Robert Mermoud : Musicien.

13 octobre 1912 – 2 février 2005.

 

Tourné le 23 octobre 1991 à Eclagnens.

Robert Mermoud – Association Films Plans-Fixes (plansfixes.ch)

 

> Dans la Grèce antique, Robert Mermoud aurait pu être considéré comme un démon (daimon) : un être surnaturel qui fait le lien entre les dieux et les hommes. Mais dans le canton de Vaud, il n’était que chef de chœur. À ce poste, il a pourtant réuni pendant soixante ans la population des villages et des villes autour de la musique vivante. <

 

Dans l’enregistrement de 1991, deux aspects sont remarquables : premièrement, le chemin de Robert Mermoud vers la musique et deuxièmement, la culture chorale dense dans laquelle il a œuvré en tant que chef de choeur.
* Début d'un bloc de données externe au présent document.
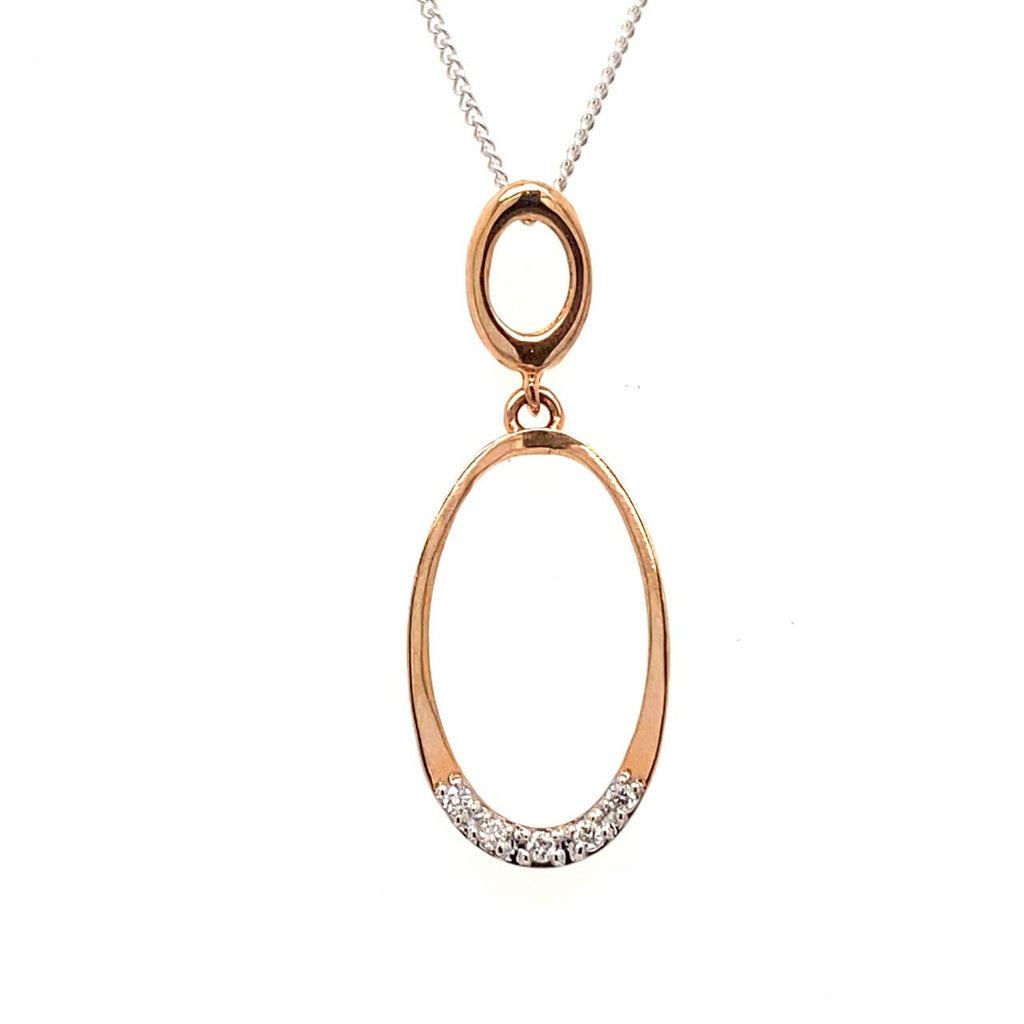 9ct Rose Gold Oval Diamond Pendant Including White Gold Chain
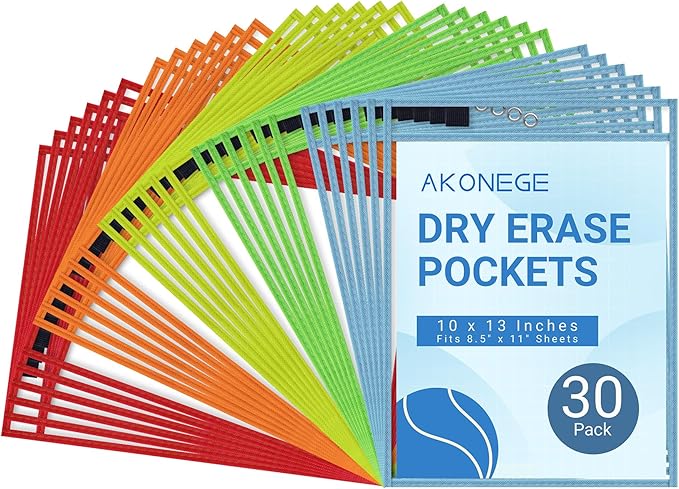 AKONEGE 30 Pack Oversized Dry Erase Pocket Sleeves by AKONEGE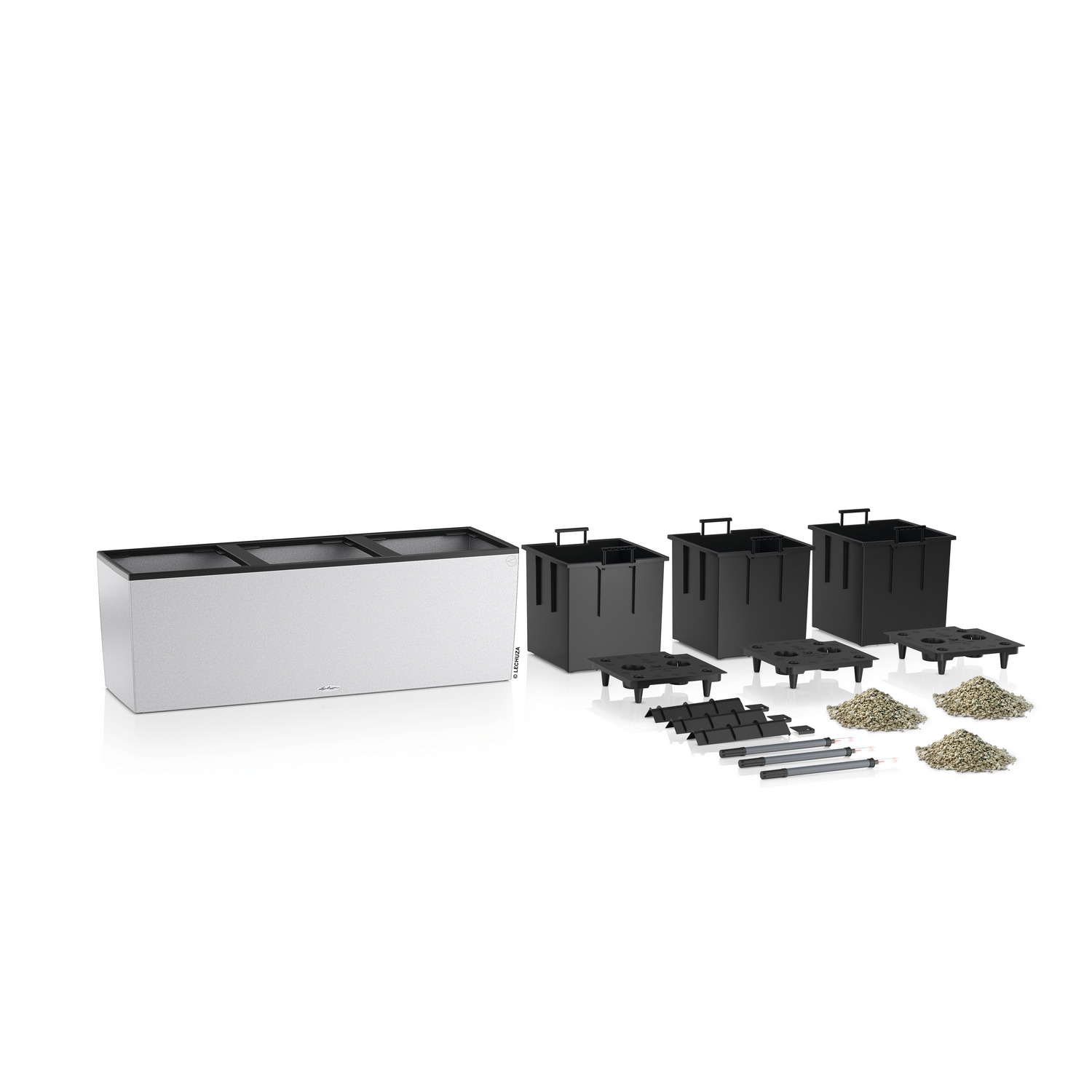 LECHUZA TRIO Stone Trough Poly Resin Self-watering Planter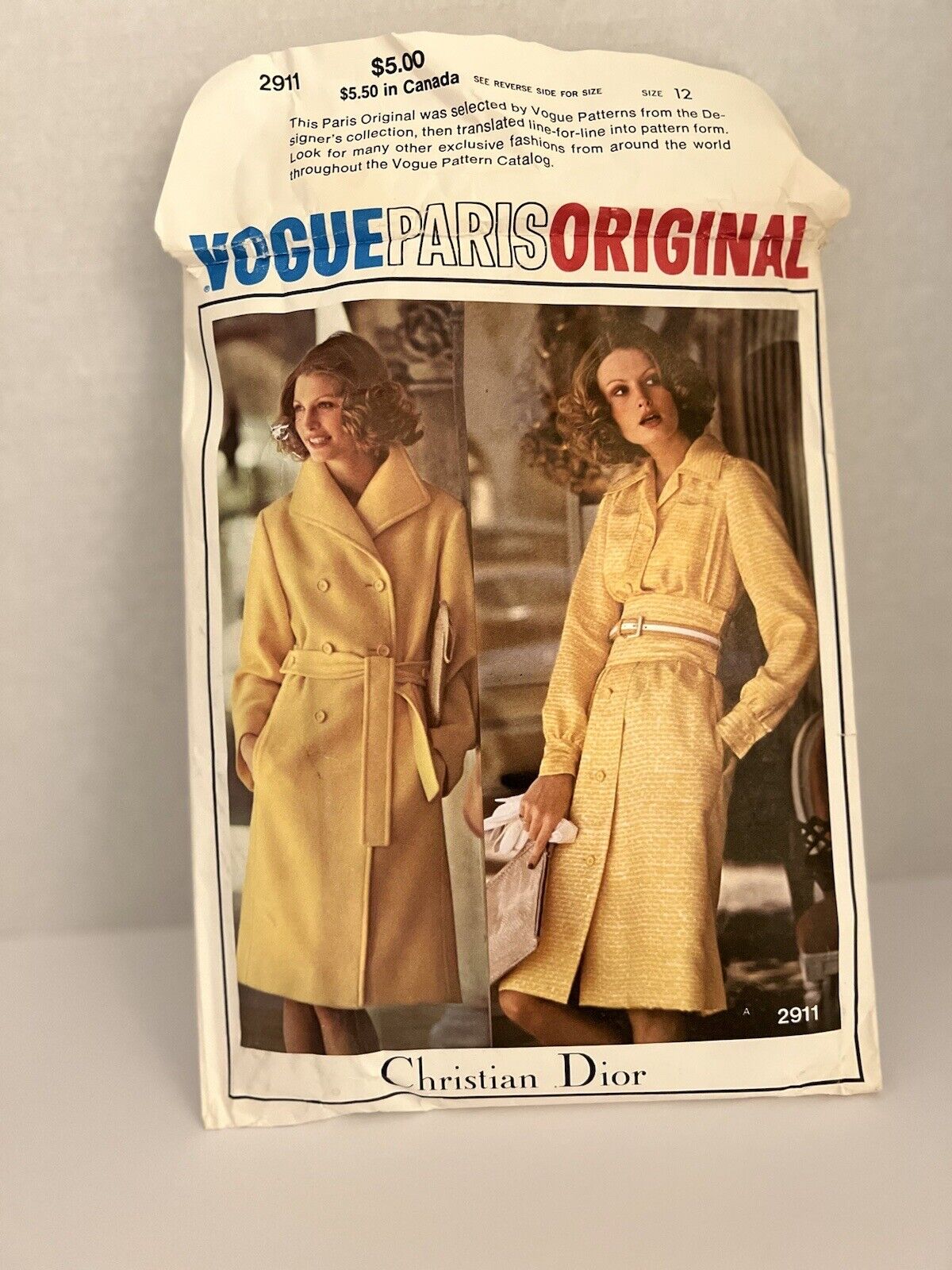 Vogue Paris Original 2911 Christian Dior-Vintage Dress & Coat Size 12 -34bust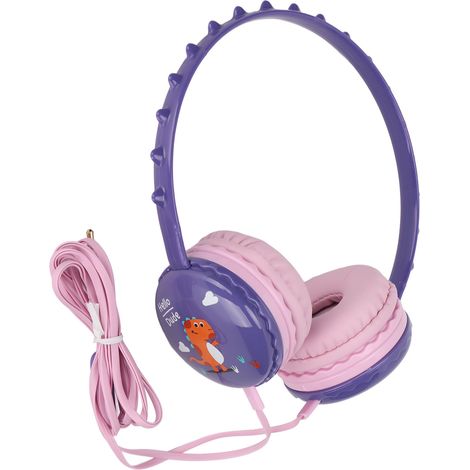 Casque enfant filaire prise jack 3,5 mm stéréo, serre-tête ajustable, design dinosaure mignon, pour PC et tablettes, couleur violette (1/5)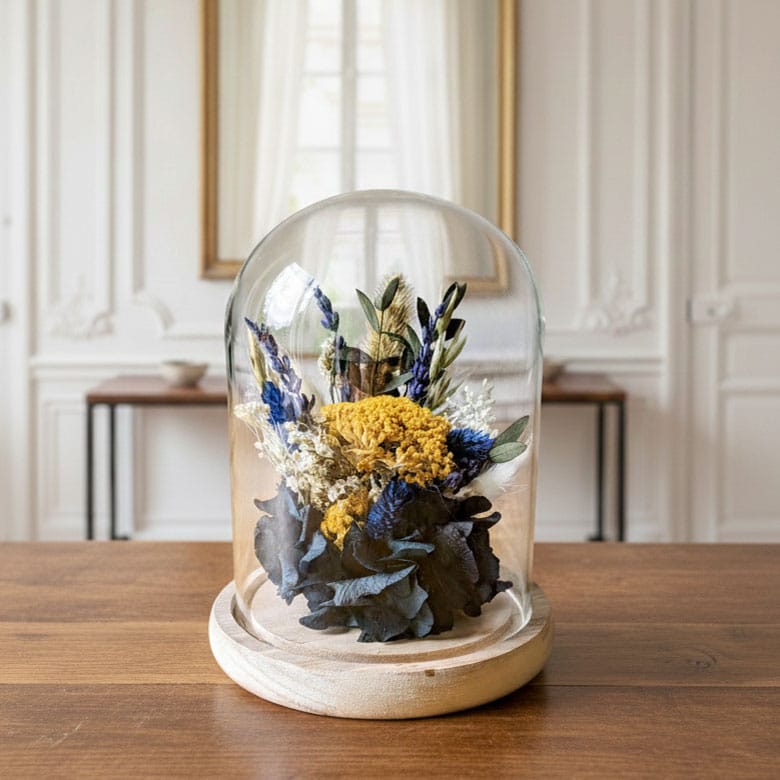 cloche angele fleurs sechee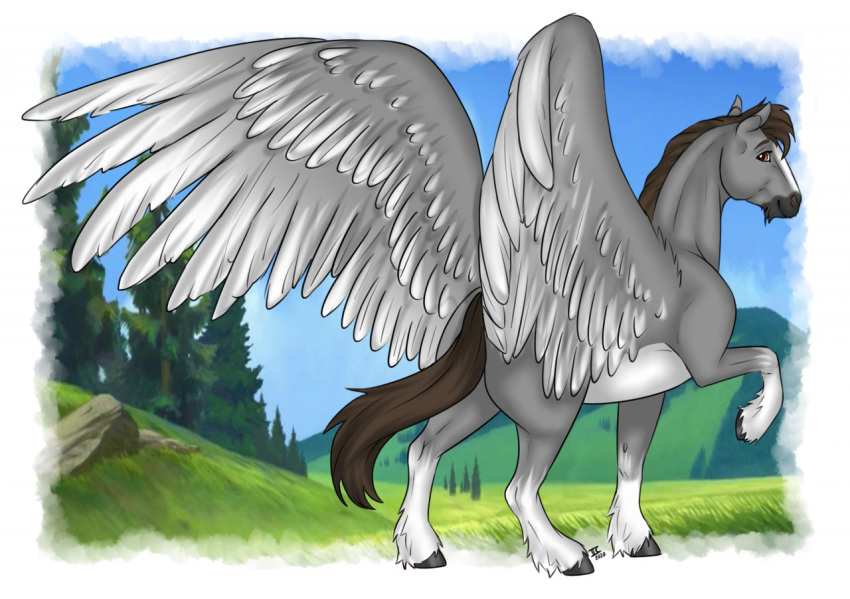 brown_eyes brown_hair dallas_prairiewind detailed_background equid equine feathered_wings feathers feral grey_body hair hooves looking_at_viewer looking_back male mammal markings pterippus rear_view smile solo tabascocat white_markings wings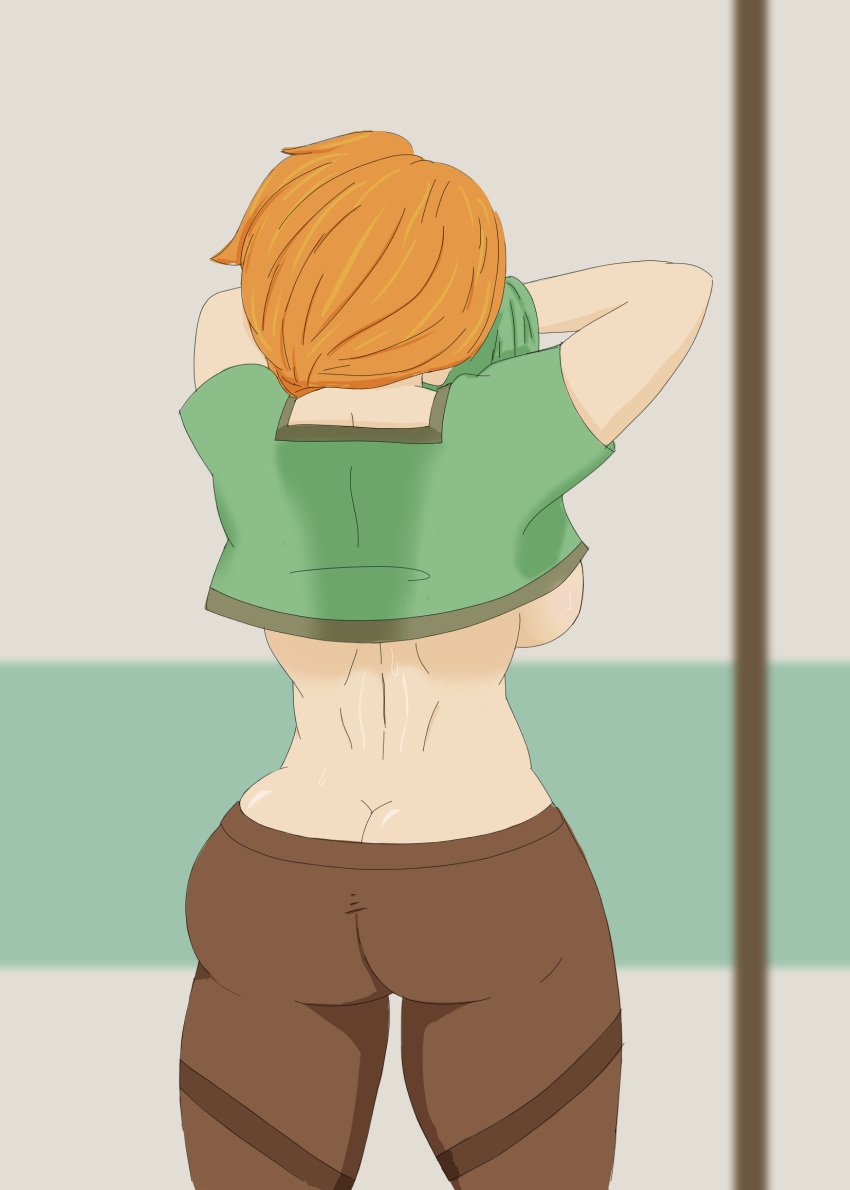 alex alex_(minecraft) ass ass breasts_from_behind lifting_shirt minecraft ryuko_redraw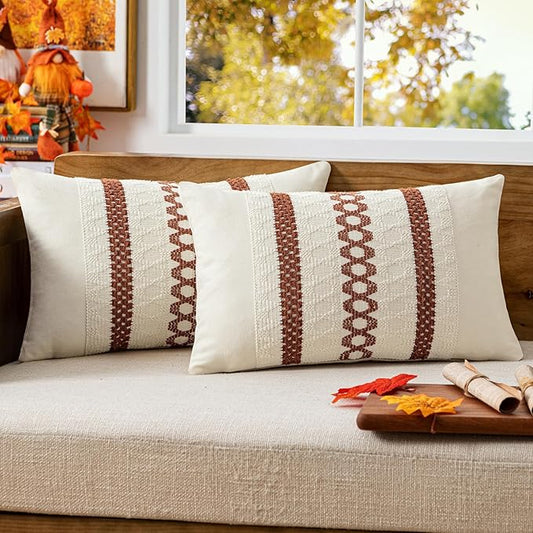 MIULEE Set of 2 Rust Fall Decorative Lumbar Pillow Covers 12x20 Inch Farmhouse Rustic Boho Couch Throw Pillows Modern Cotton Cushion Covers Retro Cute Macrame Woven Home Decor for Bed Sofa Chair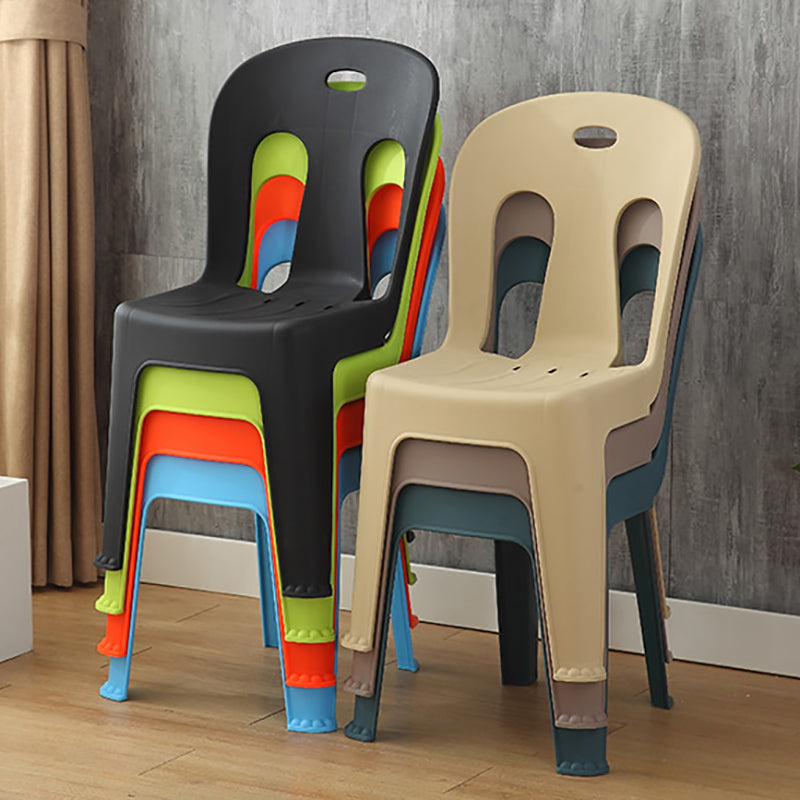Modern design Plastic armloze eetstoelen stoelen Slat achter zijstoelen voor thuisgebruik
Mais ces deux aspects appartiennent aujourd’hui à un monde disparu.

 

Robert Mermoud est né le 13 octobre 1912 à Eclagnens, c’est-à-dire dans une situation rurale isolée. La vie de la famille paysanne était rythmée par les travaux annuels. Pour l’enfant, ils représentaient un parcours initiatique (expression de Robert Mermoud), c’est-à-dire une initiation aux plus hauts grades, marqués par des étapes concrètes : Rassembler le premier foin. Lier la première gerbe. Porter le premier sac de pommes de terre.

 

Le grain était battu sur l’aire. Trois hommes travaillaient en cadence avec le fléau : un - deux - trois - un - deux - trois - un - deux - trois ... L’outil était lourd. C’est pourquoi le rythme était très régulier : Un - deux - trois - un - deux - trois ... Mais lorsque Robert rejoignait le groupe, le rythme changeait. La mesure impaire devenait une mesure paire : un - deux - trois - quatre - un - deux - trois - quatre - un - deux - trois - quatre ... Lors de ce changement, le garçon vécut une nouvelle initiation : l’importance de la pulsation.

 

A l’école, on chantait beaucoup. Tous les jours entre les leçons et en plus deux heures ordinaires par semaine. En outre, il y avait le chant de la paroisse et les répétitions du chœur de femmes, du chœur d’hommes et du chœur de jeunes. Robert chantait à gorge déployée, souvent avec distinction.

 

Après le décès de sa mère (l’enfant l’a vécu à l’âge de cinq ans), sa belle-mère apporta un harmonium lorsque Robert avait onze ans. L’instrument exerçait une telle fascination que le garçon apprit à en jouer, ce qui lui était interdit. Il s’est même rendu intime avec l’orgue de l’église. Puis vint la fête de Noël.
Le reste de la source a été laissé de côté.